You, at least initially, argued that the former was the correct interpretation
of his words, but to do so you did misquote him in a way that obviously
altered the meaning of his words. Was that intentional or a mistake?

I don't have the context for the "harem" quote, but given how you presented
the quote with regard to the victim's willingness, I think it's reasonable to
conclude that RMS meant something other than what you insinuate.

In any case, it seems now that you recognize that the latter interpretation is
correct, and you question whether RMS' position was reasonable. Fair enough.
But tell me, would you know the difference between an 18yo prostitute (who is
otherwise free to leave) and a 17yo slave?

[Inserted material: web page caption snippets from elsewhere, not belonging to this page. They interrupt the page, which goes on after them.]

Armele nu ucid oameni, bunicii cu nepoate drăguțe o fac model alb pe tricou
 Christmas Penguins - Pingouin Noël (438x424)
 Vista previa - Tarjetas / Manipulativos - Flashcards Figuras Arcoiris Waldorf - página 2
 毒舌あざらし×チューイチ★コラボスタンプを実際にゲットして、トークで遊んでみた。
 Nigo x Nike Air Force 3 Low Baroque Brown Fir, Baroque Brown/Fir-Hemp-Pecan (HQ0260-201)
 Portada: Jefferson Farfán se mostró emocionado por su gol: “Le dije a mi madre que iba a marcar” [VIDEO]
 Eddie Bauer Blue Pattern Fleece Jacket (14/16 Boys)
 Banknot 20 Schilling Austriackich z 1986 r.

Look, I think what Minsky did was wrong regardless, that he was foolish to let
himself become entangled with a man like Epstein, and I think it's atrocious
what happened to the young woman, but these two scenarios have vastly
different legal consequences. Do you not think it is plausible that Minsky
thought it was the first scenario?

For what it's worth, my initial thought when I heard that Minksy had been
implicated in Epstein's ring, was that he was fully aware and complicit in the
abuse. And Minksy may have in fact been fully aware, but RMS' words lead me to
question that assumption because RMS _actually knew the guy_.

EDIT: _hold the phone_. Looking at some other sources suggests that Minksy may
not have even had sex with the young woman. It sounds like she was coerced by
Epstein to proposition Minsky, and that according to another witness _Minsky
turned her down_ [1]. It does not appear that the victim is actually accusing
Minksy of assaulting her (though I could be missing evidence. If this is the
case, then why is this argument even happening?

[1][https://old.reddit.com/r/linux/comments/d5a4dz/richard_stall...](https://old.reddit.com/r/linux/comments/d5a4dz/richard_stallman_resigns_from_mit_due_to_pressure/f0l50w4/?context=2)